Money is a funny thing. It is widely debated whether money buys happiness. Many people have a volatile relationship with money. Some work so hard for money and financial success but lose track of other meaningful things in life. Others worry they will never have enough, no matter how hard they work. Then there are those that seem to have more than enough money and are not deserving. However, not everyone has these types of relationships with money and have figured out a good way to look at and manage a money relationship. Realizing this, I want to share my financial story and what I believe truly successful people do in order to find financial peace.

Being married to a financial planner, you would think I have a balanced relationship with money. But I have my ups and downs. Growing up my parents raised me to save and to budget, and being the achiever that I am, I was really good at following the rules I was taught. As a teenager, I saved money from the time I was 9 or 10 from doing chores or babysitting to buy my first car. In college I spent each summer earning just enough money, to get by each week of the school year to keep up with my friends. After college, it was very important to me to live independently, but my job would not support that lifestyle. Instead of living at home, I cashed out 21 years’ worth of savings bonds, to help supplement. That money lasted me years. I earned, budgeted and saved, just as I had done my whole life.

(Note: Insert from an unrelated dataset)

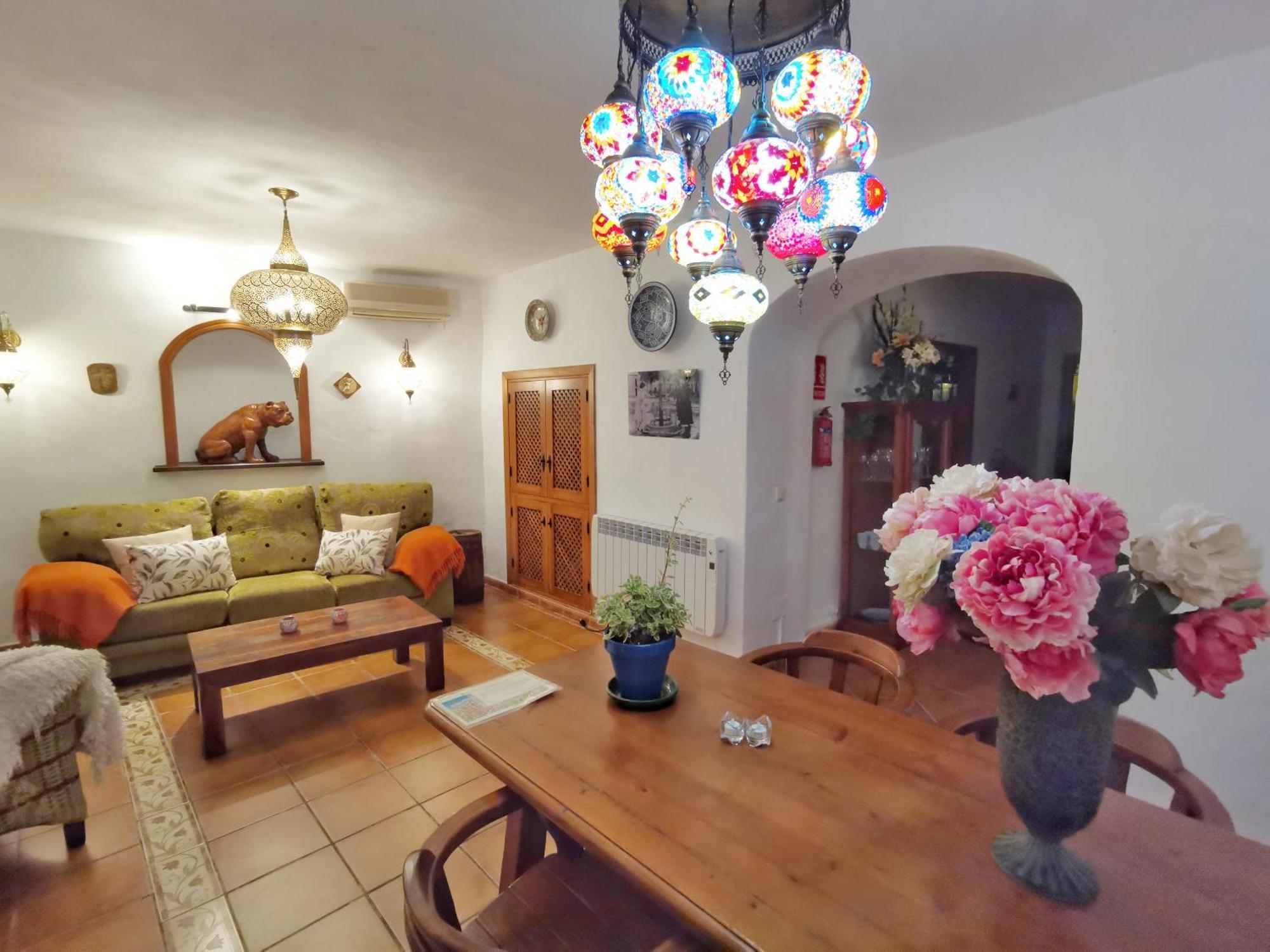Villa Carabeo Nerja Eksteriør bilde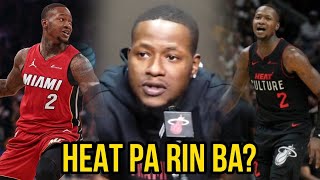 POSIBLE BANG SA MIAMI HEAT PA RIN MAGLARO SI TERRY ROZIER [upl. by Steffane]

I continued to grow my income year after year, but at the age of 26 things changed. My income suddenly multiplied by 5 in only 6 months. Instead of continuing to budget I felt a sense of financial freedom. I wanted a break from penny pinching and was spending (never lavishly, but a lot more than I should have) without thinking twice. It was a great feeling to feel free from all that saving and budgeting. My husband and I were able to pay for a large portion of our wedding with no sweat off our back, and without asking our parents for more money as wedding expenses grew. We took amazing vacations after vacations, fancy dinners out and bought really nice gifts for ourselves and others. Then things changed again. Our income stood steady, but we added to our lifestyle, bought a house (a house full of problems that cost us a lot more money), and started a business, while not budgeting back and re-evaluating our lifestyle. And today for the first time in our lives we have debt, which forced me to start thinking a lot more about money.

I wanted to share my money story, so I could let go of it and re-focus the way I look at money, (so thank you for reading). Our debt had been bothering me recently when someone took note and reminded me I was only getting in my way of more money coming in. I need to let go of worrying how it is coming in or how it is going out to continue my pursuit of success. That does not mean I live in denial, or am faking it till I make it, but to have faith it will all work out, which I do. I also believe one has to spend money to make money and supporting our business ventures in a responsible way is deserved and necessary to grow.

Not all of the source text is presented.